It is important we know the reason why Redis was created and how it scales when compared to other similar offerings.

Why was Redis created?

Redis was started by Salvatore Sanfilippo to improve and extend LLOOGG, which is a real-time website-analytics system. Once Redis became stable enough for production environments and grew in popularity, it turned into a standalone open source project under BSD license, completely sponsored by VMware.

Who is using Redis?

If you are a social or a technology person, you have undoubtedly experienced the fast performance of Redis. For example, Quora uses Redis to provide the front-page feeds and Twitter implements Redis for its deep-structured awareness. The list goes on with high-profile online applications such as GitHub, Stack OverFlow, YouPorn, and Craigslist,.

How to do it...

  • If your data is structured, predictable, and relational, it is best to use relational databases like Oracle, MySQL, or MSSQL

  • In the case of document-oriented records with the functionality to perform range queries, indexing, and MapReduce, check out MongoDB or a similar document database

  • If you are dealing with occasional data changes and want to run predefined queries on it, CouchBase fits in nicely

  • If you need single-site fault tolerance, scalability, and dynamo-like data storage, Riak is your option

  • If you are looking for a simple cache with less support of data types and better expiry algorithms, MemCached is the better choice

  • Redis was built to work with highly dynamic and nonstructured data with support for complex data types

There's more...

Redis is not an alternative to relational databases like MSSQL, Oracle, or MySQL. If your data is highly dynamic and updated often, managing the relational database tends to be a difficult task. Redis fits into this perfectly.

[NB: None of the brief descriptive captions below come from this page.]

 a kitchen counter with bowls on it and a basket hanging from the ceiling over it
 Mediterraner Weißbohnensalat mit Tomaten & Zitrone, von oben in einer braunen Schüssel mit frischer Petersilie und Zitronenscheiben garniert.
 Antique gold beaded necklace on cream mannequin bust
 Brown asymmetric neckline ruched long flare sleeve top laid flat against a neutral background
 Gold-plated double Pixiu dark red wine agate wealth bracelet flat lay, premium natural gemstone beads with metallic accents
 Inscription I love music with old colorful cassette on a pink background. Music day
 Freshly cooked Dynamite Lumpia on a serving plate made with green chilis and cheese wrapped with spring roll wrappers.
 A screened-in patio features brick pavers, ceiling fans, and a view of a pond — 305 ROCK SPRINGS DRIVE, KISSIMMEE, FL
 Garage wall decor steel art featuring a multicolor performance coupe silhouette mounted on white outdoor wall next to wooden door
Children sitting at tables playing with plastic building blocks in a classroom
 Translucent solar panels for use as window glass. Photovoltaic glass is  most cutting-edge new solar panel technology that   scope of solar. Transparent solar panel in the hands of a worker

  • Redis serves as an excellent cache server—commonly referred to as "MemCached on steroids".

  • Redis is well suited in situations where performance is critical and the data set changes very often. This makes it perfect for leader boards and a statistics tracker.

  • Due to its Pub/Sub support, Redis can be effectively used as a multiprocess communication queue.

  • Redis can be used as reliable queues by taking advantage of atomic operations on lists.

If you are looking to use Redis as your primary database, you can check out moot.it, which is using Redis as its primary database and has attained incredible results (https://moot.it/blog/technology/redis-as-primary-datastore-wtf.html).

How does Redis compare with the competition?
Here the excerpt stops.